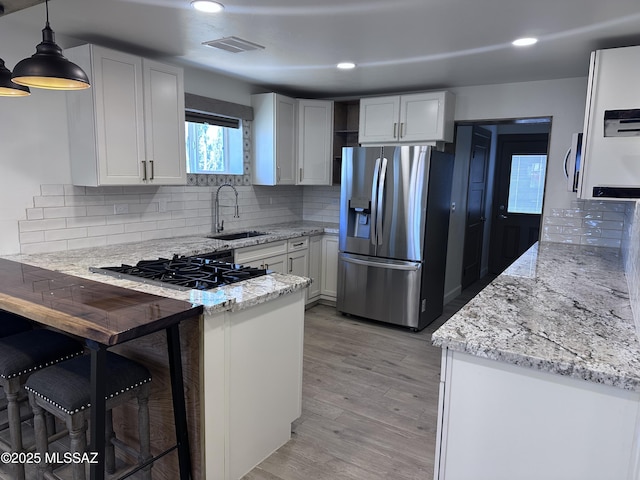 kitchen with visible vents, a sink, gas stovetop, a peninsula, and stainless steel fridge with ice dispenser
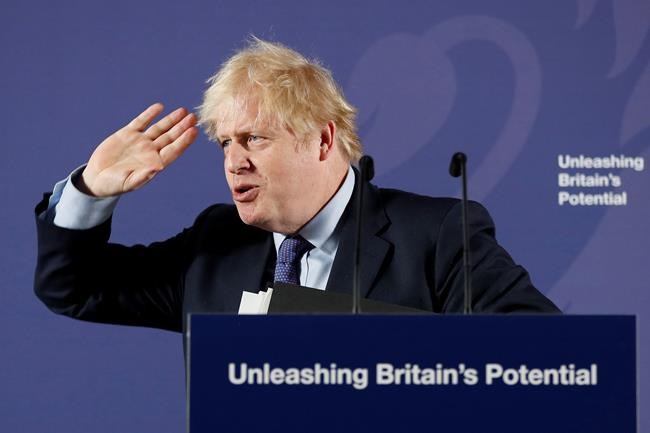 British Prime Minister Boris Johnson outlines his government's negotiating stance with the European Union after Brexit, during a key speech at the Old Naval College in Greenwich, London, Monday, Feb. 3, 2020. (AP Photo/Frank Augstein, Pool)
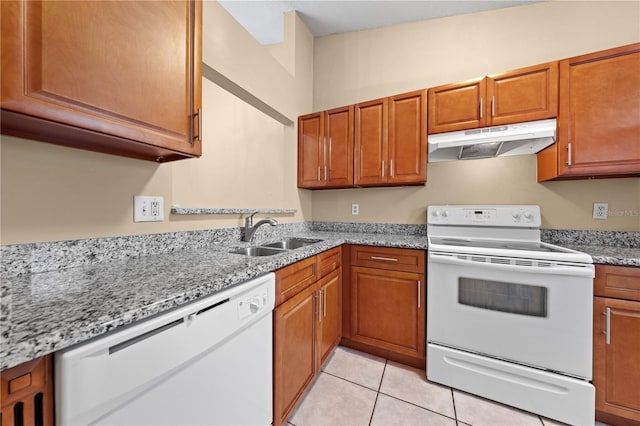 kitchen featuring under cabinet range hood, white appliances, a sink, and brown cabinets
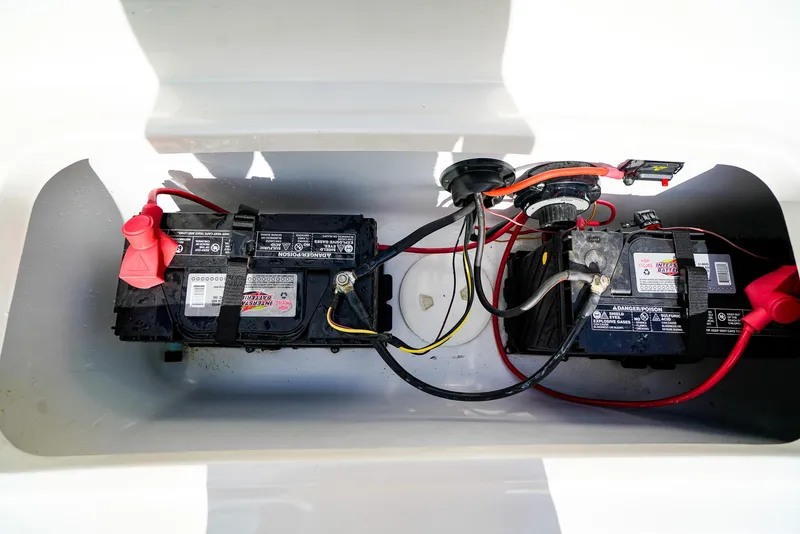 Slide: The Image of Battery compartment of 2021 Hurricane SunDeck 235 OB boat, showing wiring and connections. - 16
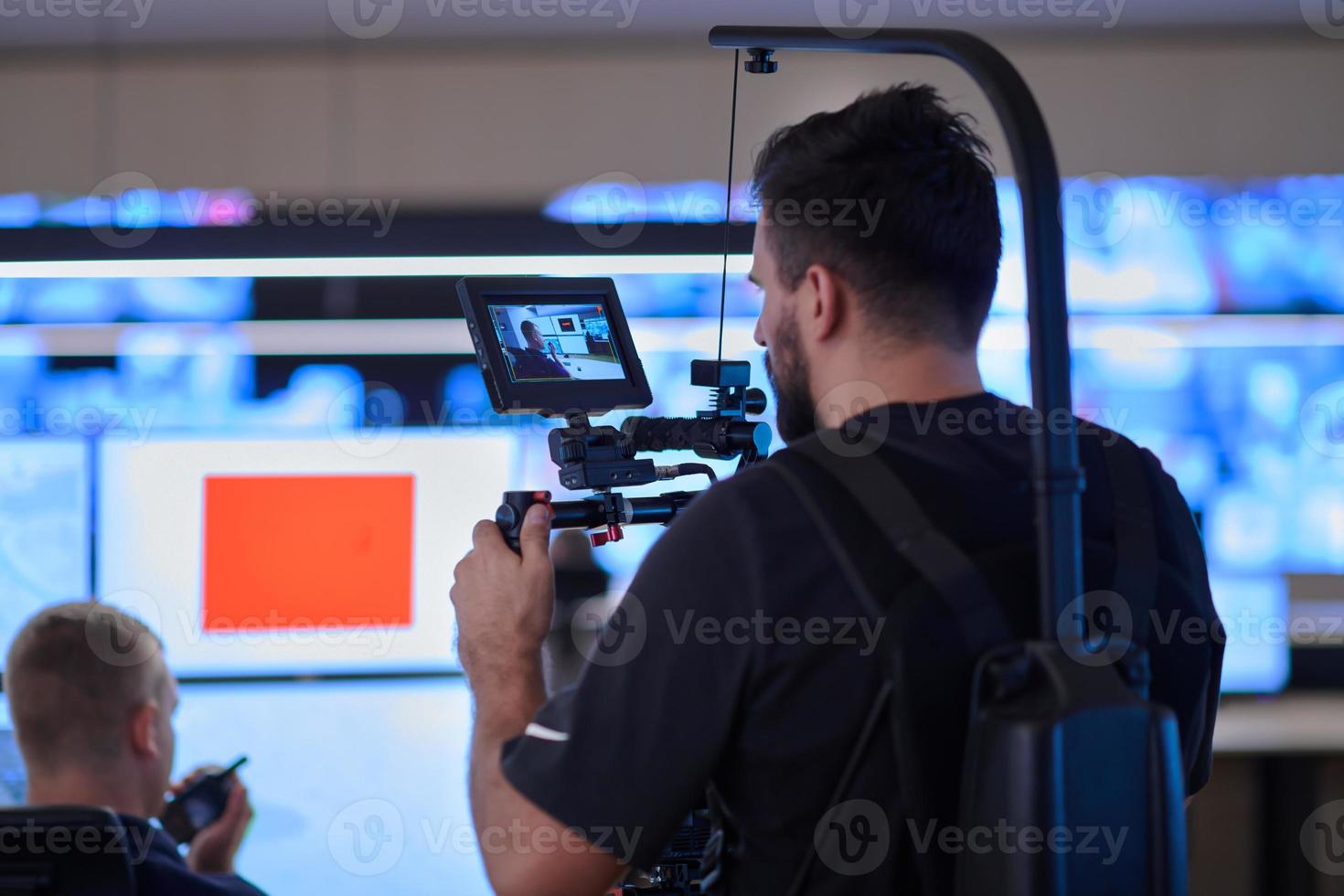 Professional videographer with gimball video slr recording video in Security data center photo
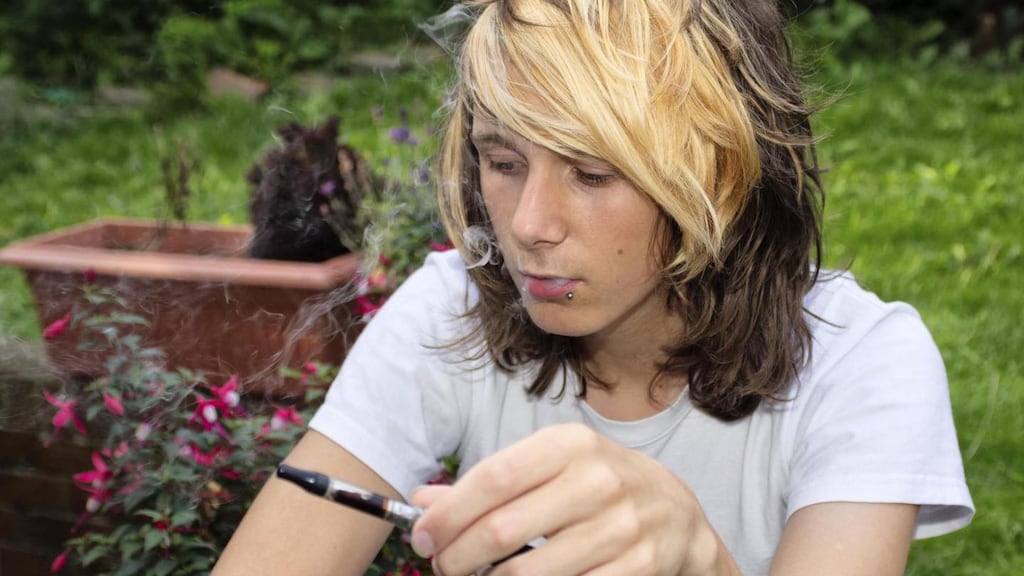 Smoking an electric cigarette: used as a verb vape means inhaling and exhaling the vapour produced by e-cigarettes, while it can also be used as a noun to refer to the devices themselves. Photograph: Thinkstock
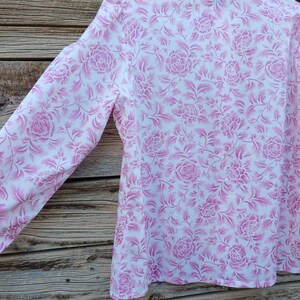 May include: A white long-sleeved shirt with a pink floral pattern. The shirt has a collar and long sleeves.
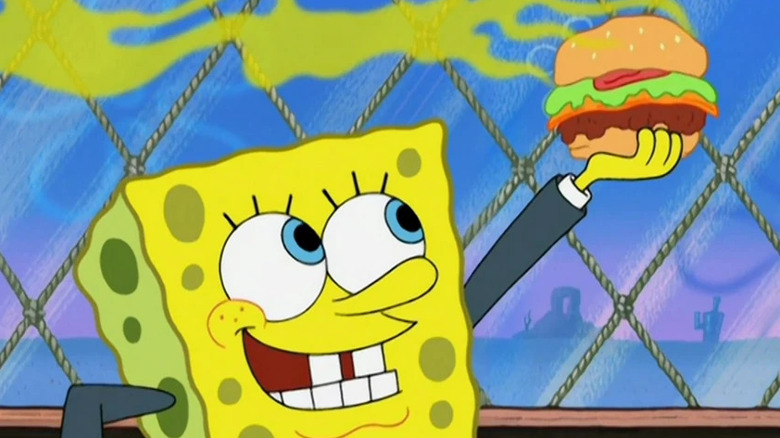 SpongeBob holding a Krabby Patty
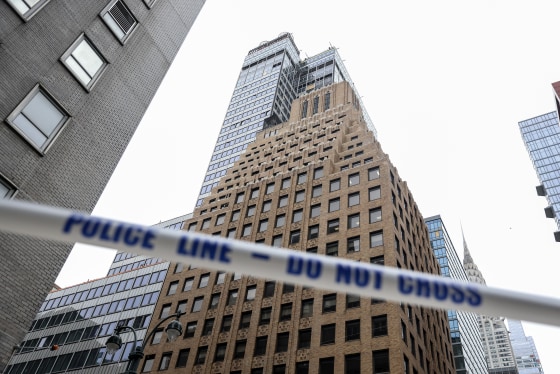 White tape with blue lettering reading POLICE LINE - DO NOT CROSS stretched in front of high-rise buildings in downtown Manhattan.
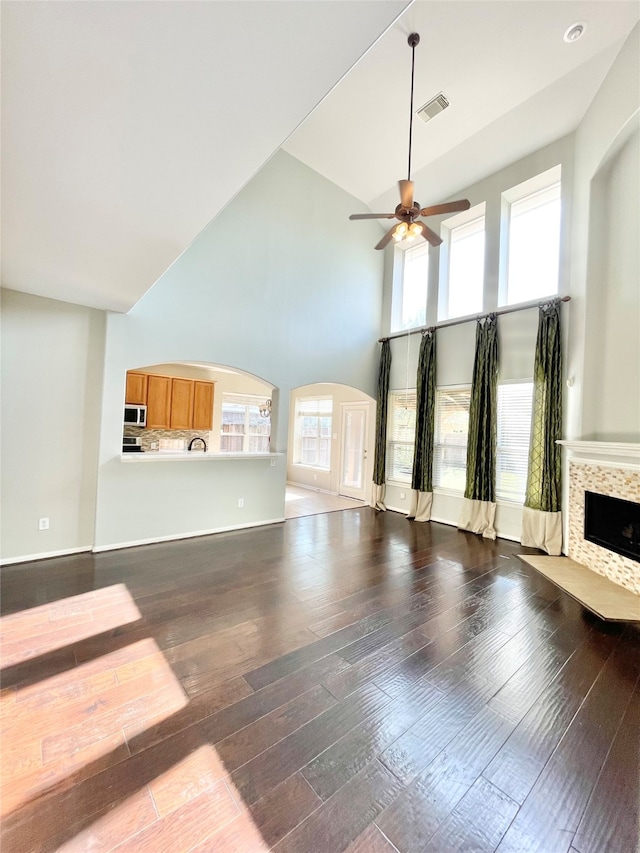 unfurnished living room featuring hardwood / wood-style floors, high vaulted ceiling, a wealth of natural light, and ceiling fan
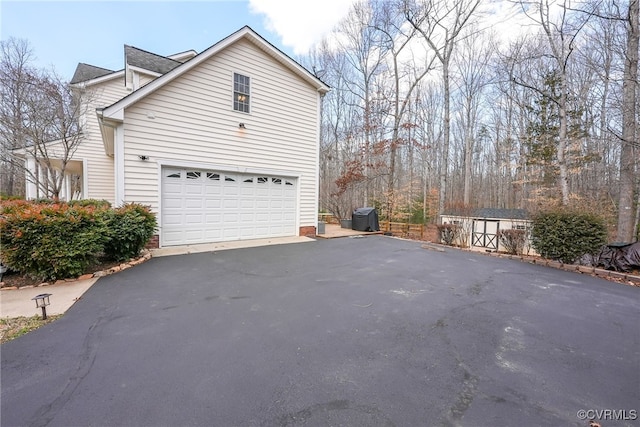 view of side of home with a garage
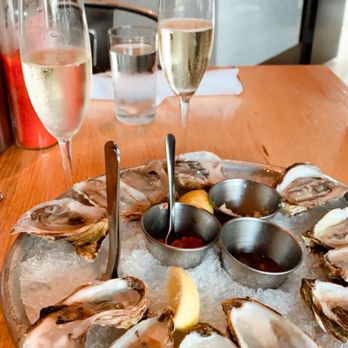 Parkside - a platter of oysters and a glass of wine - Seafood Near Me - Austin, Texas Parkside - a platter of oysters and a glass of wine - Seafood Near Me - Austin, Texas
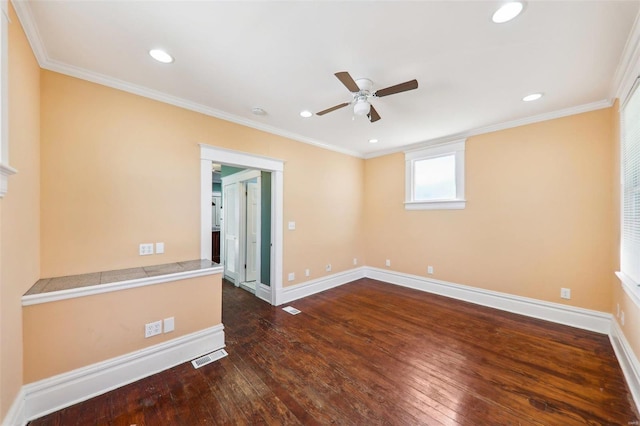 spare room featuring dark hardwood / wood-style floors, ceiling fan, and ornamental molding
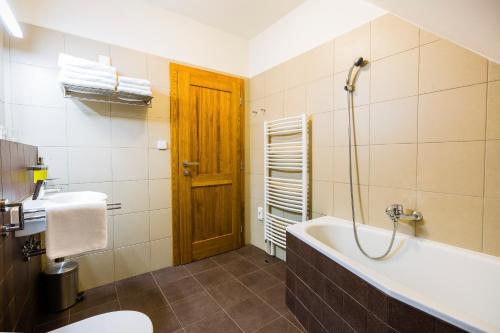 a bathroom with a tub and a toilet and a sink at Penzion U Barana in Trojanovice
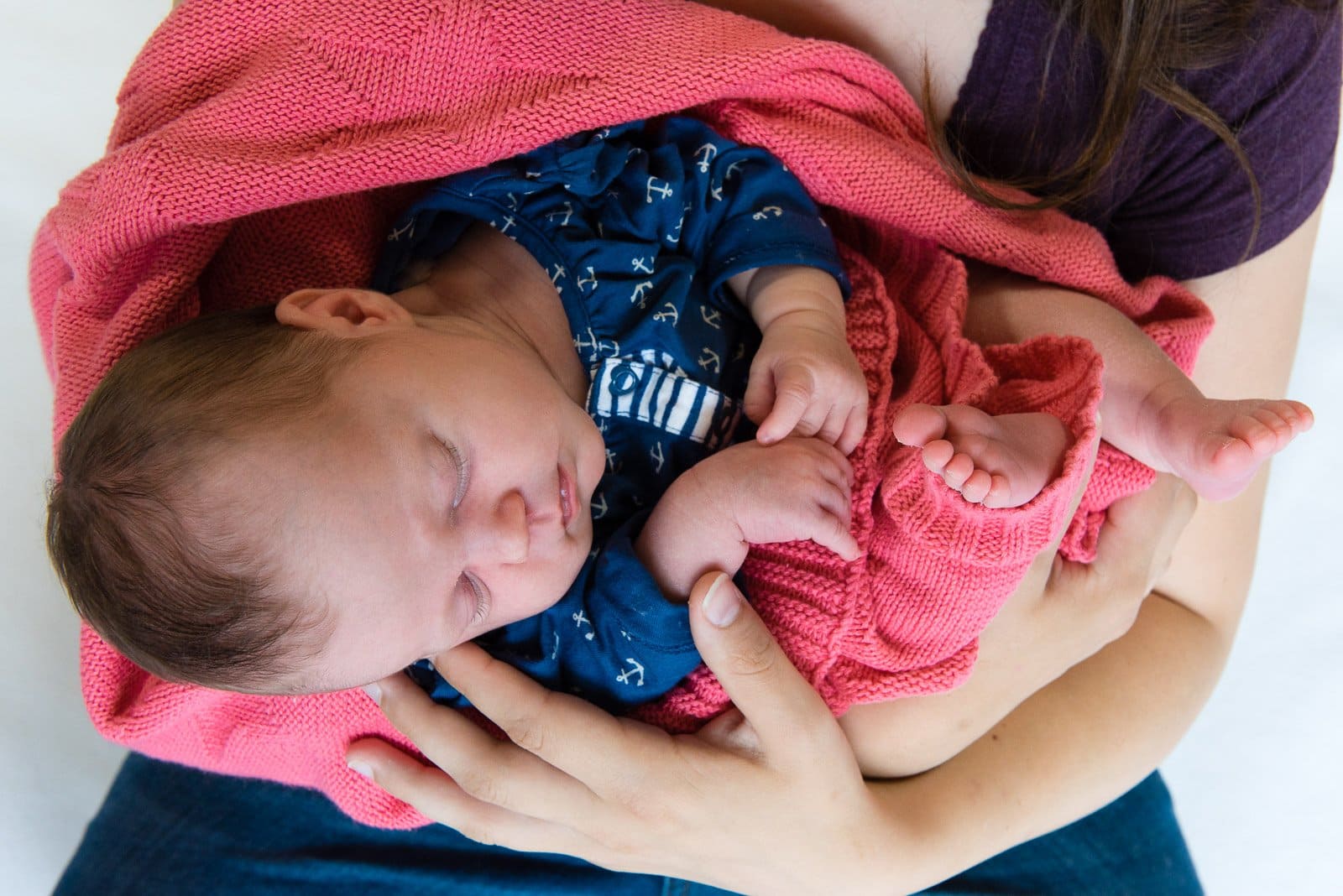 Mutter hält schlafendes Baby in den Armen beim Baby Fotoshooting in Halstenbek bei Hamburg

········

Starting at the line that contains "unfurnished living room" and ending at the line that contains "a bathroom with", transcribe the material above exactly, excluding pictures.

 unfurnished living room featuring hardwood / wood-style floors, high vaulted ceiling, a wealth of natural light, and ceiling fan
 view of side of home with a garage
 Parkside - a platter of oysters and a glass of wine - Seafood Near Me - Austin, Texas Parkside - a platter of oysters and a glass of wine - Seafood Near Me - Austin, Texas
 spare room featuring dark hardwood / wood-style floors, ceiling fan, and ornamental molding
 a bathroom with a tub and a toilet and a sink at Penzion U Barana in Trojanovice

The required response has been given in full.